All of these changes mean that the way people are mentored in the industry has changed: the internship or coffee-runner positions that used to be such a common part of the learning experience aren’t there. “No matter how good you are at using plug-ins, the master/apprentice relationship doesn’t really exist these days,” Ledingham says. “If you go to Abbey Road Studios in London, they’ve got 60 or 70 people working there every day, which is unheard of for studios of that size these days, and the median age is over 50. There are people there who have spent their entire career in that building.
“When EMI was acquired by Universal, Universal realised there was this incredible knowledge base stretching back 80 years, but it’s institutionalised. It’s all locked inside one building. How do you take that knowledge base out of this one facility in London, and at the same time recognise Abbey Road Studios and the important role it’s played in music production for the last 80 years? The idea germinated from there.”

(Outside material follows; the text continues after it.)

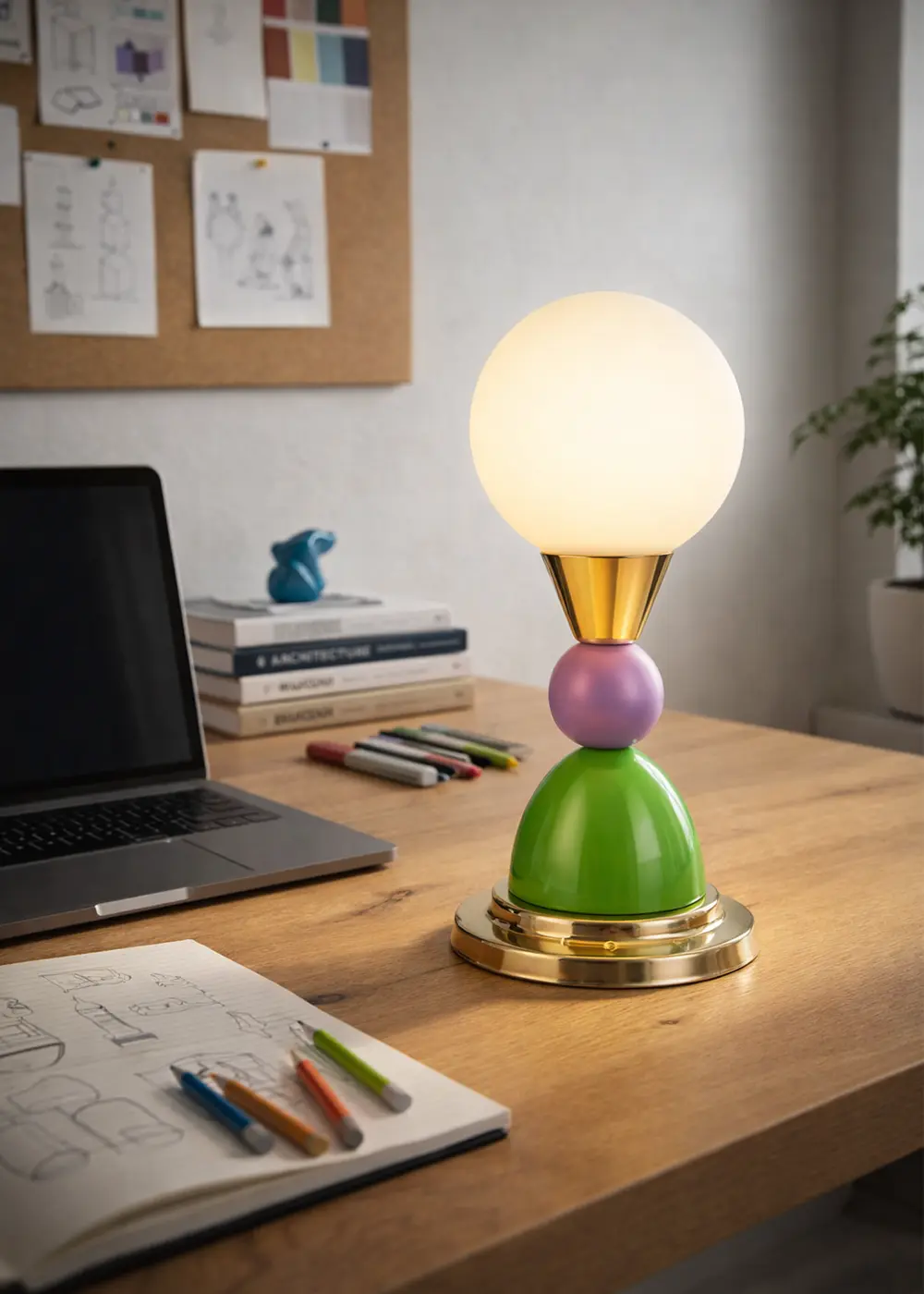 Little Lollies No:2 Masa Lambası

Abbey Road Institute Australia is a Recognised Training Organisation (RTO) with the Australian Qualifications and Skills Authority (ASQA), and graduates walk away with an Advanced Diploma of Sound Production. The facilities are purpose built and only for student use, and while the organisation works closely with commercial studios to ensure that students get the broadest exposure to the industry, the campus facilities are reserved exclusively for teaching and learning. VIP tours are available at any time, and the first intake for 2017 begins in March. “It’s very easy to design an educational program against a frame work and say ‘Yeah, it ticks all the right boxes,’ ” Ledingham says. “But does it teach the craft? It was very important to design a program that was integrated, holistic, and actually gave people the skills they need.
“You don’t just do one subject of music production or one subject of microphones. We start by teaching how records are actually made, and then we get students to start recreating tracks from EMI’s archives based on the original production notes. Then we teach them to start making their own productions based on 80 years of knowledge. So it’s not an audio technology course although it has aspects of that, it’s not a music business course although it has aspects of that; what it is is a music production course, day in, day out for a full year.”